Afin d’examiner la situation d’un point de vue actuel, il semble pertinent de mentionner l’exemple le plus récent des Maldives. Le HCDH a publié la semaine dernière un article expliquant qu’un état d’urgence vient d’être déclaré par le gouvernement maldivien.  A cet effet, de nombreuses garanties constitutionnelles importantes ont été suspendues, engendrant déjà plusieurs violations de droits de l’homme ainsi qu’une dangereuse concentration du pouvoir aux mains du président actuel, Abdulla Yameen. Selon le Haut-Commissaire pour les Droits de l’Homme des Nations Unies Zeid Ra'ad Zeid Al-Hussein et une partie de la communauté internationale, le gouvernement s’en prend de plus en plus aux opposants politiques, journalistes et défenseurs des droits de l’homme, compromettant ainsi tous les éléments nécessaires à la démocratie, que le pays est censé appliquer. Plusieurs droits humains indérogeables sont violés, tels que le droit à la vie (sous forme d’exécutions arbitraires) et le droit à la liberté (emprisonnements sans procès équitable).

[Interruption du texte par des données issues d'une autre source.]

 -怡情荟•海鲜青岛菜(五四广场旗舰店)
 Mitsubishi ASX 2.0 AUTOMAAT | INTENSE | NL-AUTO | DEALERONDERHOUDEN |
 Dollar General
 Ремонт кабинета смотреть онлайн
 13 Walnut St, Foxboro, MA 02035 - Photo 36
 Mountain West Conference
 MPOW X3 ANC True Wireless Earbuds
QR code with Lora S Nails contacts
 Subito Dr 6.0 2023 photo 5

Zeid rajoute que le non-respect des conditions de l’état d’urgence et les nombreuses violations de droits importants doivent cesser le plus rapidement possible et exhorte le gouvernement maldivien à respecter le droit international, principalement les règles contenues dans le Pacte ONU II.

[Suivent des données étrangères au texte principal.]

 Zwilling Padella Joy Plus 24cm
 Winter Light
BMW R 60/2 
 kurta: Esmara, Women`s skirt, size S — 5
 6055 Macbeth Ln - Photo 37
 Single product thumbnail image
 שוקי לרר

Recommandations et conclusion

La différence entre les conditions imposées pour appliquer et proclamer légalement l’état d’urgence et son exécution même mérite d’être mentionnée. En effet, il découle des exemples susmentionnés (qui reflètent uniquement un aspect de la question) la considération que les Etats ne respectent que rarement les limites imposées par le droit international. Effectivement, les limitations supposément infranchissables des droits de l’homme semblent souvent violées. Par ailleurs, en repoussant la durée limitée initialement promise et en utilisant cette prolongation pour davantage entraver plusieurs libertés importantes, les Etats montrent qu’ils utilisent éventuellement cette proclamation afin d’excuser leurs fautes. Selon l’article susmentionné, publié par Le Temps, cela expliquerait pourquoi ce phénomène est aujourd’hui considéré « à la mode ».

La notion d’état d’urgence, replacée dans son contexte de création il y a plusieurs décennies, se retrouve aujourd’hui faussement interprétée et incorrectement utilisée. Les gouvernements concernés devraient, dans la mesure du possible, recommencer à respecter les conditions. Par exemple, ils pourraient - si ce n’est déjà fait -, formellement adopter des lois nationales contenant les contours précis d’une éventuelle proclamation, ainsi qu’une liste claire et exhaustive des mesures considérées légales ou non, auxquelles le gouvernement pourrait légitimement soumettre sa population. Ils seraient également à même d’apporter plus d’information lors d’arrestations et de détentions, afin de fournir des preuves plus précises de la menace que ces personnes représentent pour le pays.

Bien que les gouvernements soient souvent soumis à une pression considérable, en particulier lors de situations de danger exceptionnel, il est de leur devoir et responsabilité de protéger leur population de manière juste et légale. La résolution de la violence par la violence entraîne, en général, davantage de problèmes qui risquent de mener, avec le temps, à un point de non-retour.